McCain's point is that those who've been embracing those words do not find the actual concepts the words convey repellent. In fact, those horrible concepts are the basic, fundamental, root concepts the users of those words actually support, no matter how they try to deny it.
Here's my 2¢
If people realized that Donald Trump is not Howard Stern and that Hillary Clinton is not Andrea Dworkin, we might just have better social intercourse.
"Donald Trump is not Howard Stern and that Hillary Clinton is not Andrea Dworkin"
They aren't?
"we might just have better social intercourse."
Social intercourse will deteriorate enormously the moment the population at large realizes that pretty much everyone in authority is actually O’Brien from 1984.
Stern and Dworkin are silly irrelevant people.
@chickelit:Hillary Clinton is not Andrea Dworkin
No, Clinton is a popular feminist--feminism is all wage gaps, glass ceilings, government-mandated family leave and child care.

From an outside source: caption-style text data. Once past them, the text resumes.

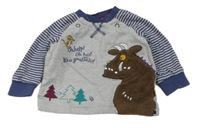 Sivo-pruhované tričko s The Gruffalo zn. Tu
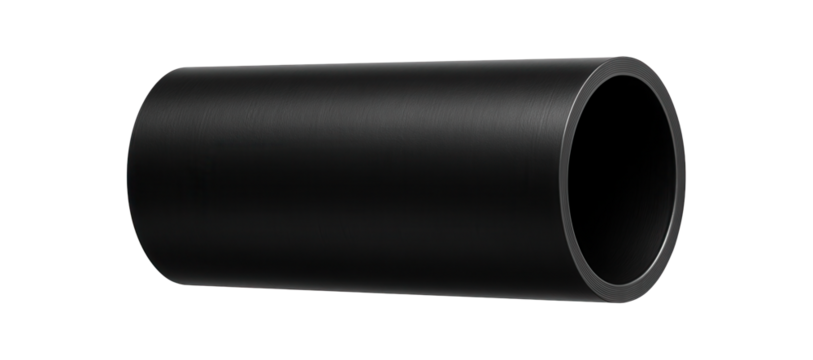 High-density polyethylene pipe for a rural household's potable water distribution, ensuring purity and safety.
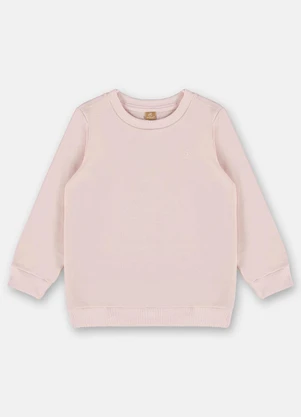 Up Baby - Blusão Básico Infantil Menina Rosa - UP BABY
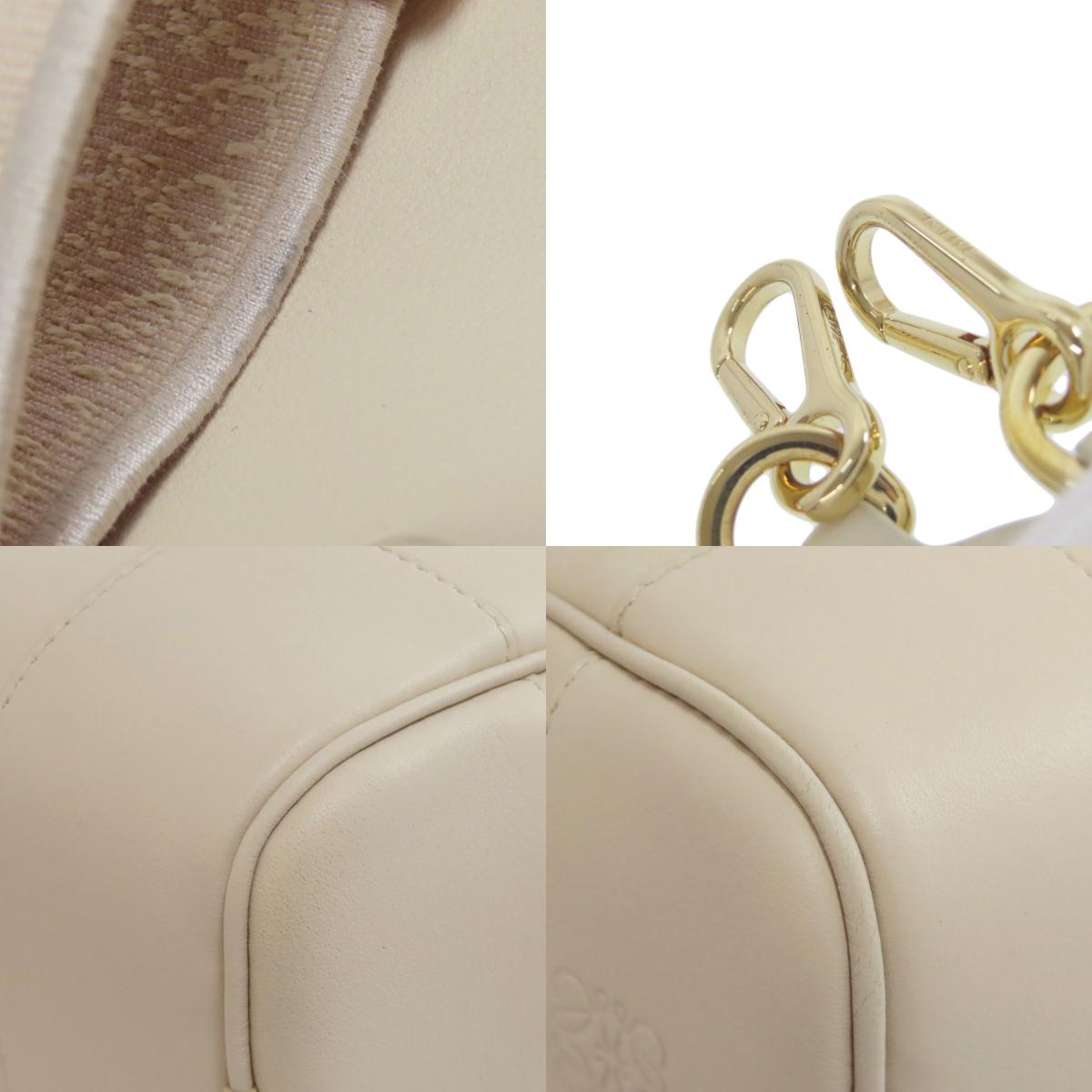 LOEWE ロエベ アマソナ16 スクエア 2WAY ハンドバッグ カーフ レディース 中古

The Andrea Dworkins are giving her money and support, and they provide the studies and the arguments for the political goals of popular feminism, but I'd be surprised if Hillary had internalized any of the radical feminism.
@Otto: "expressed in garbled tones by Zimmerman, a 2nd rate poet and 3rd rate musician" Wait, I thought it was the other way around.
First, thank you, Professor Althouse, for the link -- and for the brilliant Dylan allusion.
As to some of the comments here about my method and motives, as I explain in my book, the idea is to distinguish between the exoteric discourse of feminism (what they say to the general public when arguing for policies or recruiting supporters) and the esoteric doctrine of the movement -- the beliefs shared by the Priesthood of the Temple Cult.
To understand what feminism actually is, it helps to study cults (Manson, Jonestown, Branch Davidians, etc.) and totalitarian movements, especially the history of Marxist-Leninist regimes or radical sects like the Weather Underground and the Baader-Meinhof Gang.
The "pop feminists" (Marcotte, Valenti, et. al.) are seldom asked to explain or defend feminist theory. What do feminists mean by "male supremacy," for example? Or how does one distinguish between normal sexual attraction and "objectification"? My approach to the subject is to keep the focus on feminist ideology as it is taught in universities, because were it not for taxpayer-subsidized Women's Studies programs, this bizarre cult never could have gained such terrifying power in our culture.
As far as Blogger's concerned, StacyIsFree!
Hide yo' easily-triggered Twitter-ers.
As geeze man (and woman).
I'm 60 and I can tell you, since I didn't get married till in my 30s, women like to fuck just as much, if not more, than men.
Domination.... hahaha. They like it on top, on bottom, backside, and sideways.
Several of them had their cloths off faster than me.
Feminist are just stuck up hags.
Very well stated, Robert Stacy McCain. Thank you.
@ Sebastian: I think you are correct.
Mr. McCain,
I would pay to see you lecture at a university.
No one else has made such a complete existential critique of womens studies departments.
The reaction will be interesting.
As far as I can tell there has been no serious apologia from the academic world of the substance of the field of womens studies against your critique.
Maybe it would take that - a lecture on their turf - to flush them out.
Gabriel,
"Clinton is a popular feminist--feminism is all wage gaps, glass ceilings, government-mandated family leave and child care."
And killing babies. You must not omit that vital plank!
Hillary Clinton is not Andrea Dworkin
Of course she's not....she's Cruella De Vil.